Rayla and Callum’s dynamic in S1 similarly suckered me in. They take each other and audience through a wide range of emotions: fear, anger, happy surprise, worry, relief, humour, and just happiness. They, point blank, have a fun and engaging dynamic. They push each other, inspire change in one another, tease and care for one another, and call each other out on their crap. They’re friends and it’s easy to believe, which is what you would want for a found family dynamic that includes two of your three Main Characters.
But what leads to this believability? Well, good
2) Development
The Dragon Prince, as of the completion of its first Arc (s1-s3) consists of 27 episodes. The main trio, and Callum and Rayla by extension, meet in 1x02 and only grow to be on friendlier terms (aka Not Enemies) in 1x03. There’s also a few episodes that doesn’t provide much for group bonding, like 2x05 and 2x06. But, because I think 1x02 is incredibly important for Rayla and Callum’s dynamic even if it hardly has them on good terms, we’ll go from there. Thus, from 27 episodes we’re down to 24 episodes that also has to include a worldbuilding, and plenty of other characters who aren’t the main trio, and create and resolve conflict, and entirely separate plot points.
It’s not like Callum and Rayla don’t disagree or act poorly towards each other in all of those episodes, either. Sometimes they argue and treat each other like downright jerks (more on that here). But over time, they learn to disagree more respectively to not having a single actual fight in s2 and just one in s3, which is also quickly resolved.
I don’t think I’m remiss, then, in saying that while there are relationships that are just as distinct and well developed, Rayla and Callum are the relationship that has the largest amount of sheer screentime, even before s3. I’ve talked before about how even more ‘trio’ centred scenes in s1 usually hone a focus on Callum and Rayla’s relationship. This does not mean that Callum and Ezran’s, or Ezran and Rayla’s, relationship are not important, because they are, and the show treats them as such. Screentime just gets allotted differently sometimes.
But let’s do a quick break down at the main, season long persisting relationships. The trio (up until s1); Soren and Claudia (but not in every episode and they also spend a decent amount of time having separate plotlines); Callum and Ezran (up until s3); Viren and Aaravos (s2 & s3); Janai and Amaya (s3); Viren and his children (s1 & s3); Soren and Ezran (beginning of s2, & s3); Callum and Claudia (beginning of s1, & s2); Ezran and Rayla (until s3); Ezran and Zym (mostly s2).
Callum and Rayla? S1-S3, all the way through.

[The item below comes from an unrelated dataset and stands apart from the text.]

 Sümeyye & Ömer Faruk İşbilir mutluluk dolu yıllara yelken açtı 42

And because of that, Callum and Rayla’s relationship is incredibly multifaceted. And most of the problems they face — the initial arc at the castle; bonding and trust in s1; Soren and Claudia’s lies in S2; mourning and everything with Harrow; Dark Magic and the dragon; getting past Sol Regem; the Ghosting; whether to trust Nyx; whether to stay at the Spire or not — directly cater to developing and changing their relationship.
Ezran and Rayla have less places to go in the first arc of the show because they have less mistrust and remain on easy terms for the majority of their two season run. Callum and Ezran have disagreements, particularly on Callum’s end, but you know from the very start that there’s nothing he wouldn’t do for his baby brother and that they’re family. Well they’re enemies, and then they’re friends, and they drive each other crazy sometimes, but they also have each other’s backs, and shape each other’s worldviews in new directions. When Callum crumbles from the loss of his father and a lack of magic, Rayla is there with full honesty between them; when Rayla breaks down because she’s been banished and is still wrestling with an unwanted legacy, Callum holds steadfast in patience and support. They disagree. They problem solve. They make each other laugh. They platonically adore and love each other. They romantically love and adore each other. We see them address and overcome conflicts and choose each other every time when push comes to shove.

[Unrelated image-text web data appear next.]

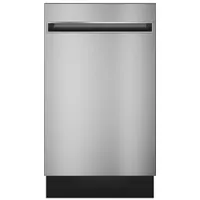 Haier 18" 50dB Built-In Dishwasher (QDT125SSLSS) - Stainless Steel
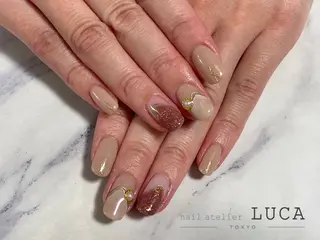 ネイル ネイルアトリエルカ 米原のネイルデザイン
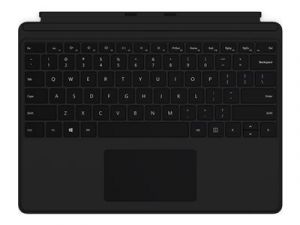 Microsoft Surface Pro X Keyboard - Klávesnice - s trackpad - podsvícená - německá - černá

They’re two characters who naturally complement each other very well and just work as a dynamic. They occupy a unique space in each other’s lives and arcs. They change each other. Their arcs intersect in near perfect circles. Most of what we know about each of them as people comes from their interactions with each other in the first place.

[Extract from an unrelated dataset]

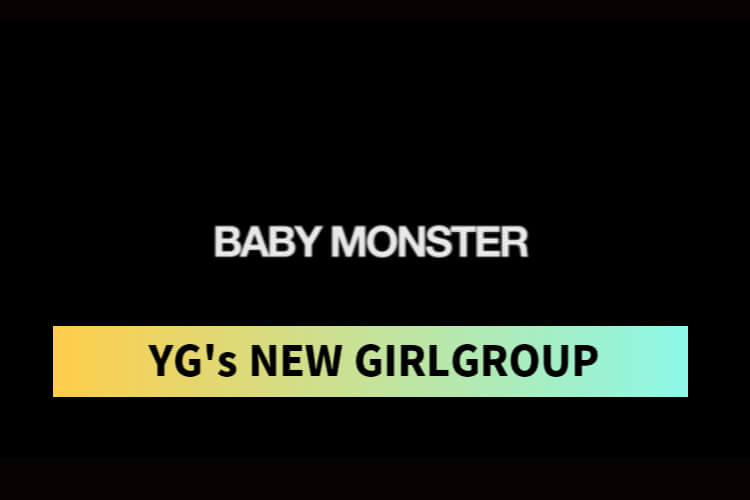 YG's New girlgroup BABYMONSTER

They’re two of the show’s three Main Characters, and the amount of screen time their relationship receives reflects that. It’s therefore not surprising that a lot people who like The Dragon Prince as a show also really like Rayllum (even if it’s hardly everyone). If you don’t ship them, of course, that’s 100% fine; you can still enjoy their bond easily outside of romance because there’s enough depth to. But if you just hate watching them interact in any way? Yeah, you’re going to have a rough time of things.
3) Plot relevance
This is semi connected to my last point, of Callum and Rayla being two of the show’s three main characters, but I thought it was worth mentioning as this point ties into a character type and ship preference of mine I’ve had for a long time. Which is to say: I always really like the protagonists.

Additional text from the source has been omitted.